Your answer must be the lines from the top of the listing below through the line that holds "Temple authorities close", retyped exactly, with no pictures.

Collected material:
_ _ _ _ _ _ _

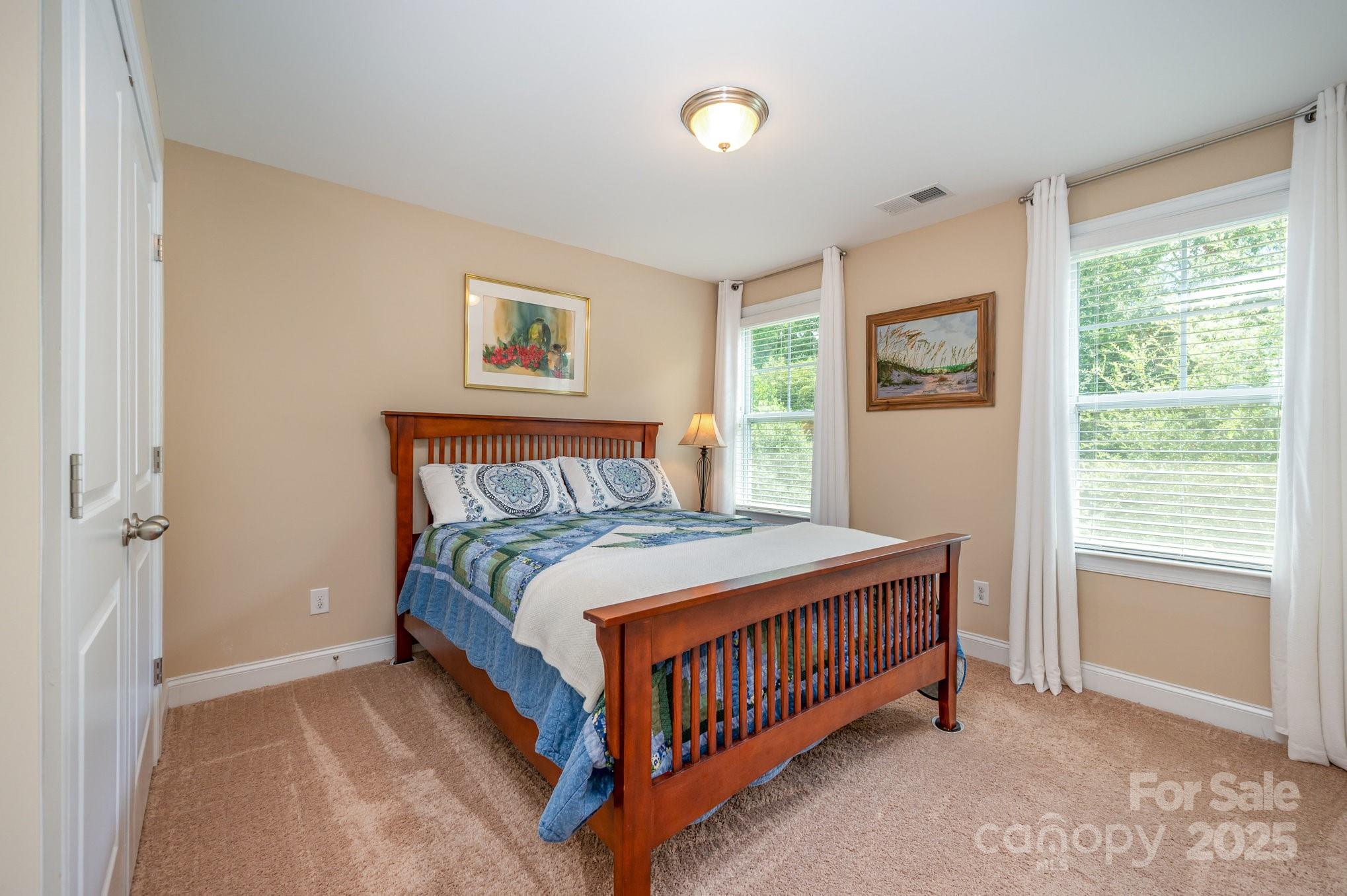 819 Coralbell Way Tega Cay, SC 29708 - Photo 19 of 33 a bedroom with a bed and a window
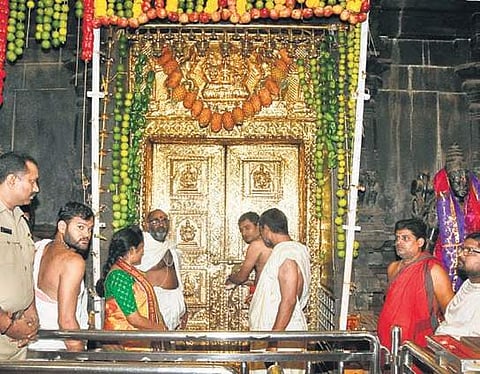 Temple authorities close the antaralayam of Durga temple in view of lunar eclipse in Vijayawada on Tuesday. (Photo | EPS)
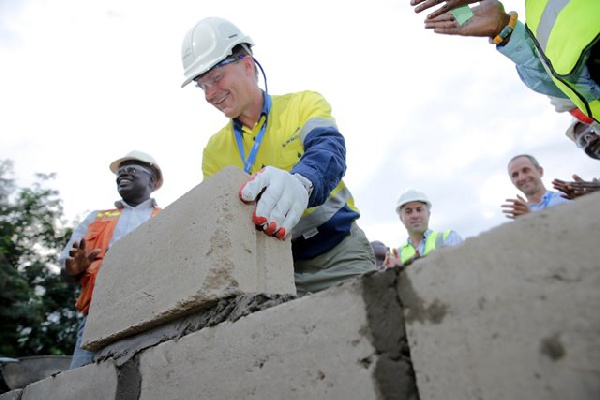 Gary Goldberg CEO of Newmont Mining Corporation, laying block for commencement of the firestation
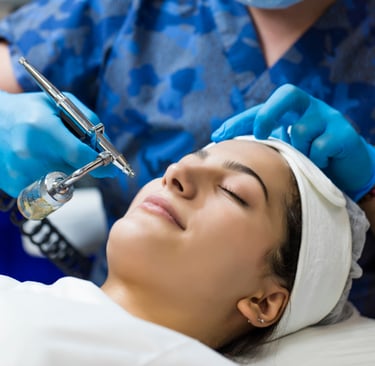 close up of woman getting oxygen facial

_ _ _ _ _ _ _

Expected answer:
 819 Coralbell Way Tega Cay, SC 29708 - Photo 19 of 33 a bedroom with a bed and a window
 Temple authorities close the antaralayam of Durga temple in view of lunar eclipse in Vijayawada on Tuesday. (Photo | EPS)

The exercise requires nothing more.